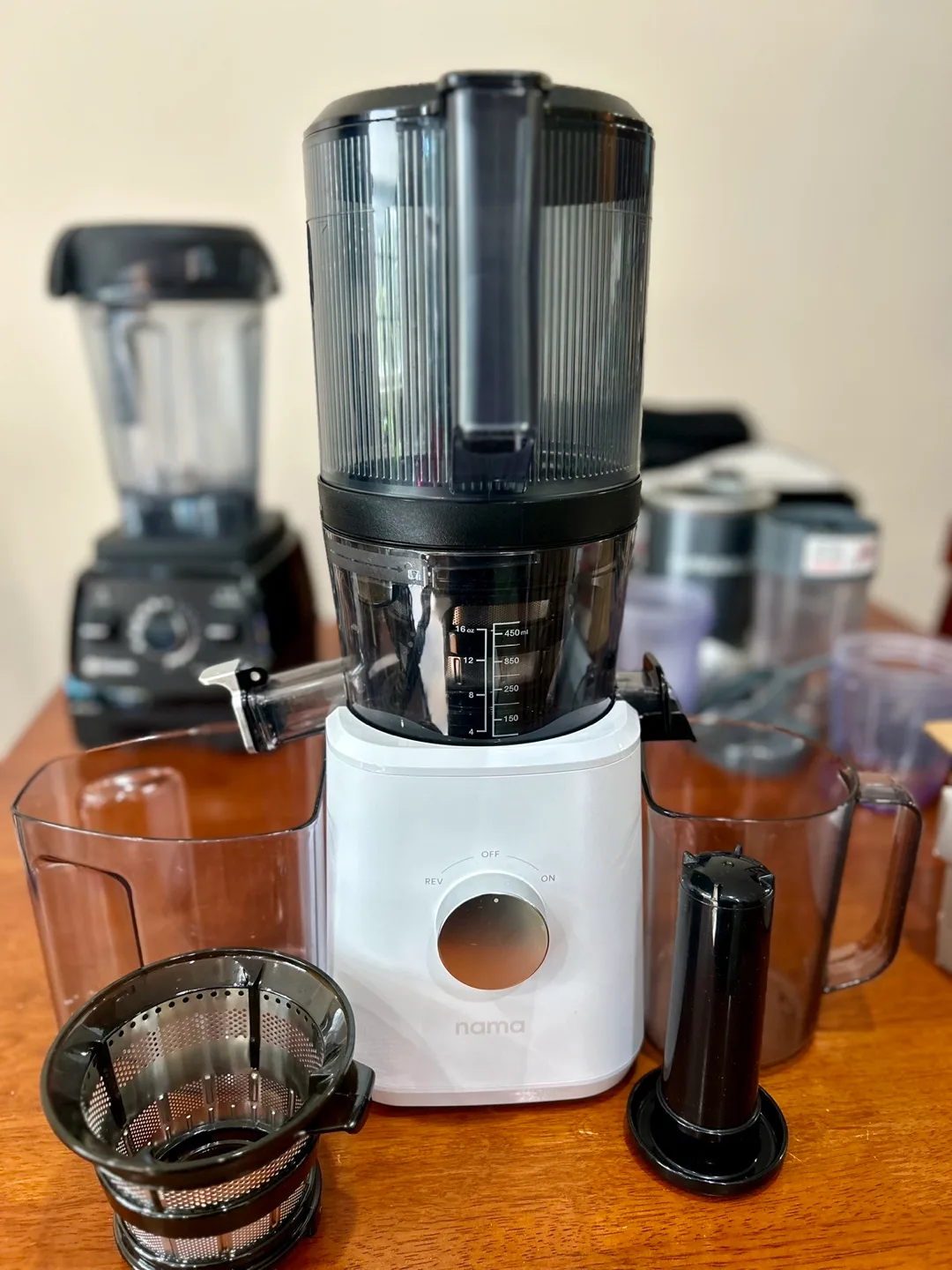 Nama Cold Press Juicer thumbnail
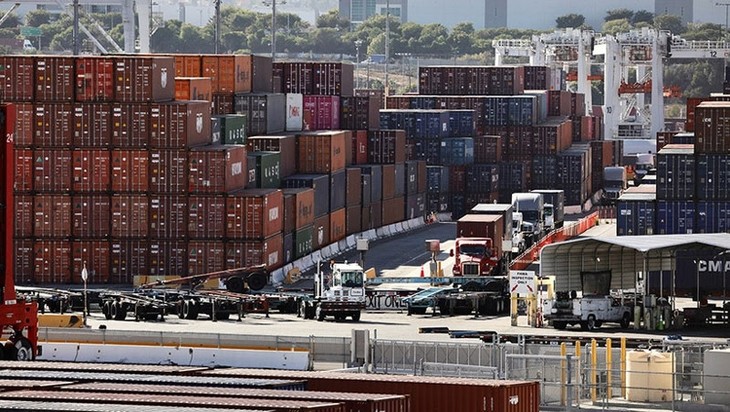 トランプ大統領、日本車関税引き下げの大統領令に署名 - ảnh 1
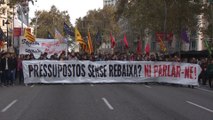 Profesores, estudiantes, médicos y funcionarios protestan contra los recortes en Cataluña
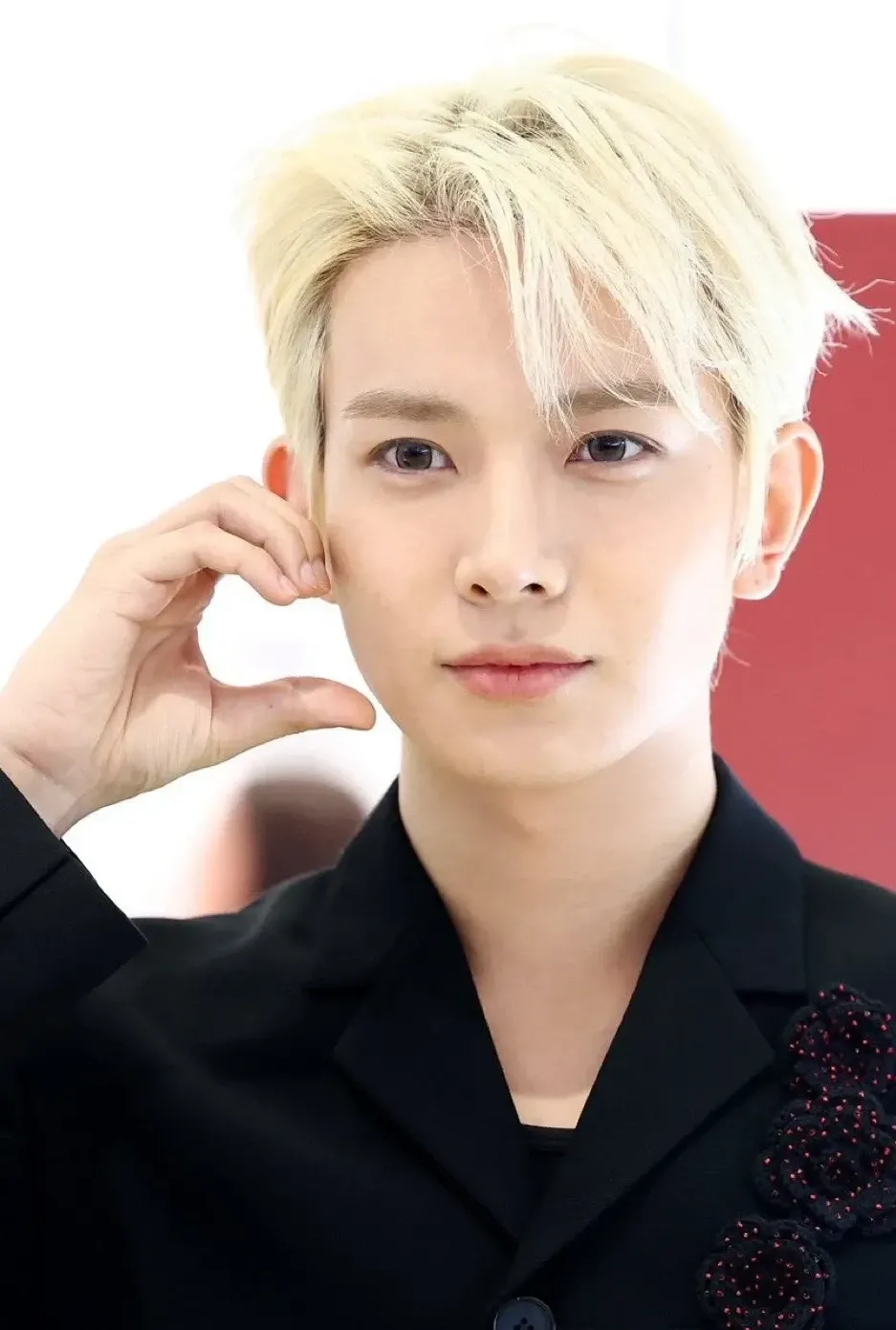 에반 최근 활동샷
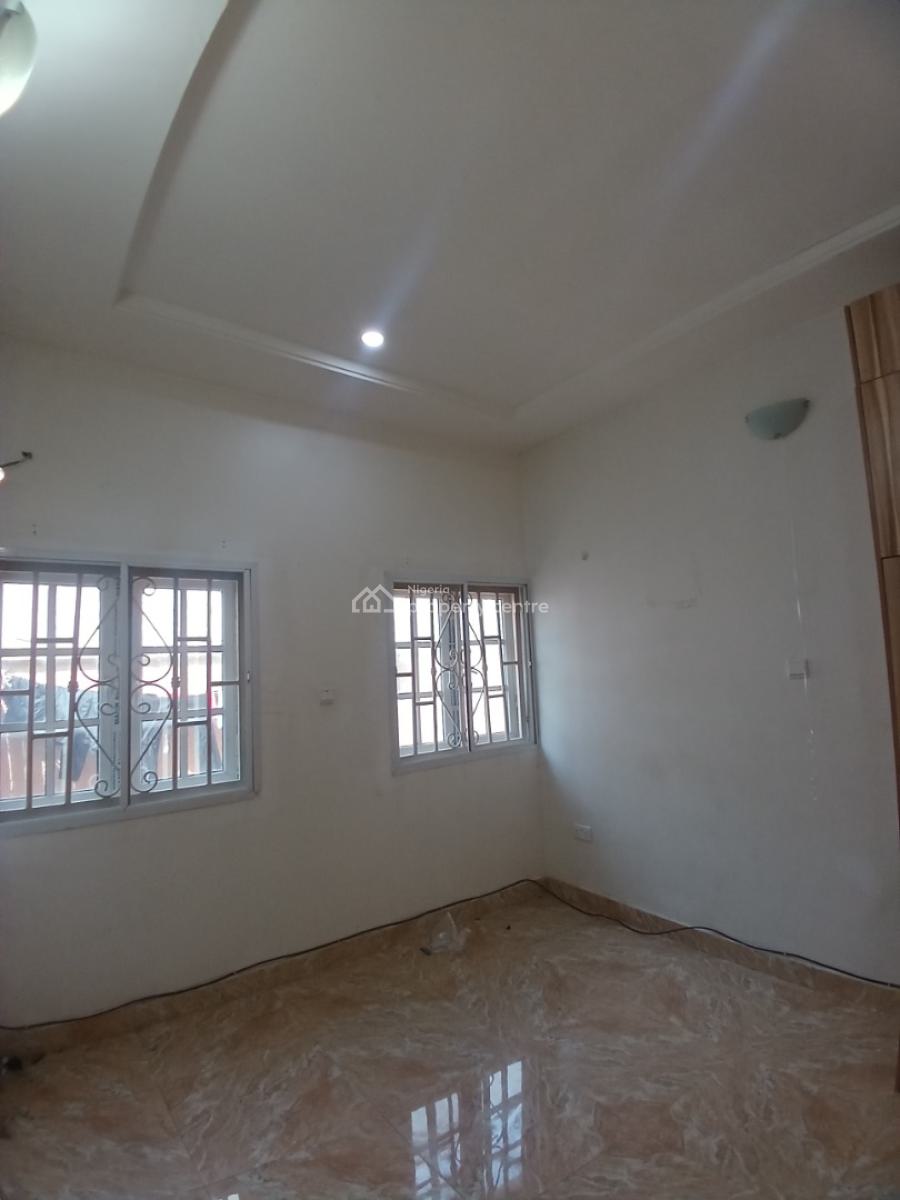 Well Renovated 2 Bedroom Bungalow, Guzape District Abuja Diplomatic Zone, Guzape District, Abuja, House for Rent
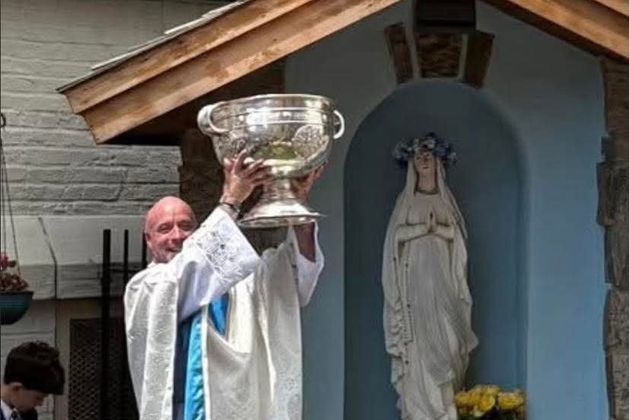 Kerry priest in New York gets heavenly visit from Sam Maguire - 'It meant an awful lot to me'
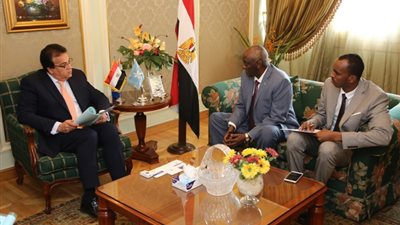 وزير التعليم العالى يبحث سبل تيسير الإجراءات على الطلاب الصوماليين الدارسين فى مصر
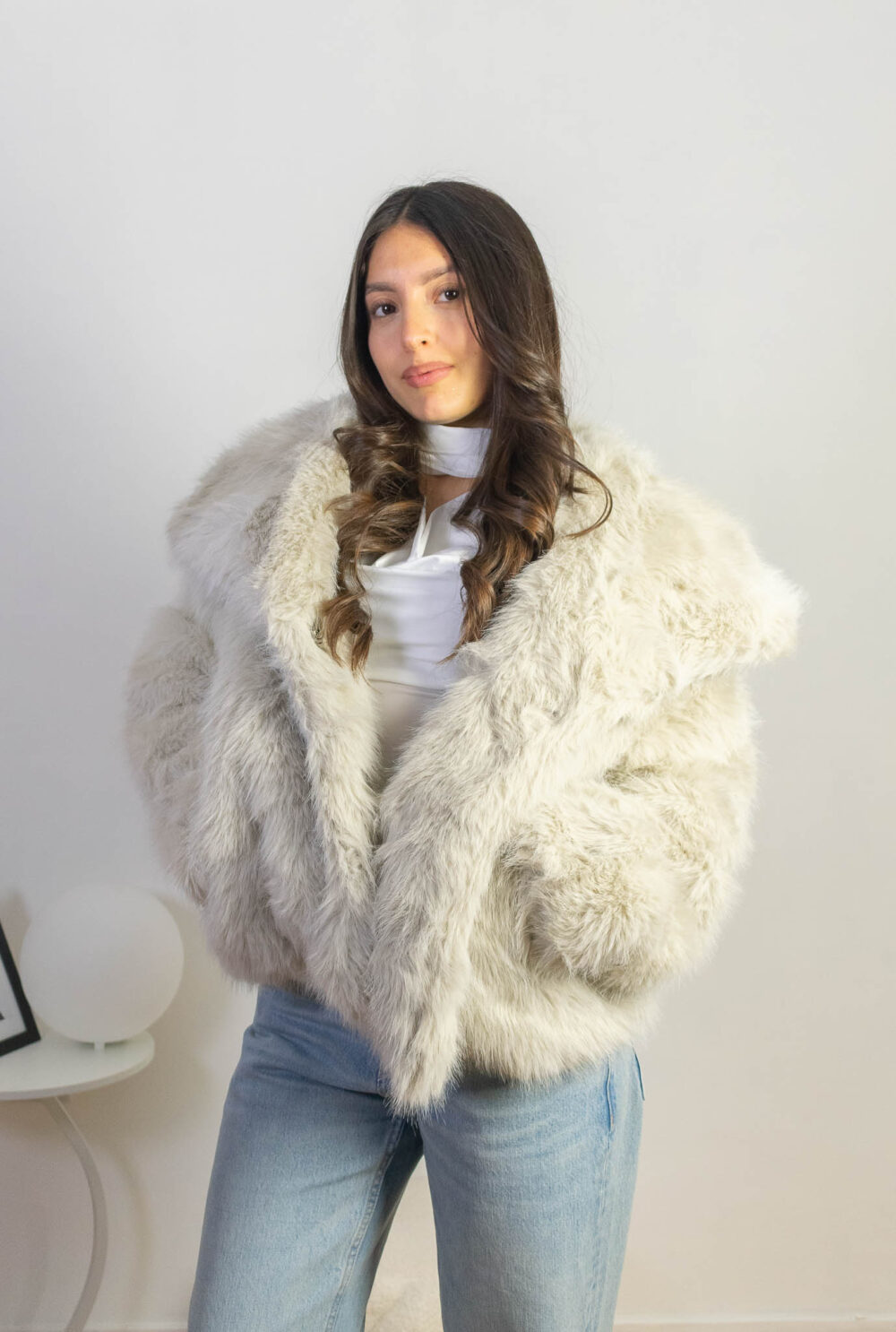 Abrigo Peludo Elegante De Piel Suave Oversize Sara 2kinspire modelo 001 10 de 11 | 2kinspire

Required action = Everything from the line that contains "Well Renovated 2" through the final line of the material should be returned exactly, except the pictures.

Answer area =
 Well Renovated 2 Bedroom Bungalow, Guzape District Abuja Diplomatic Zone, Guzape District, Abuja, House for Rent
 Kerry priest in New York gets heavenly visit from Sam Maguire - 'It meant an awful lot to me'
 وزير التعليم العالى يبحث سبل تيسير الإجراءات على الطلاب الصوماليين الدارسين فى مصر
 Abrigo Peludo Elegante De Piel Suave Oversize Sara 2kinspire modelo 001 10 de 11 | 2kinspire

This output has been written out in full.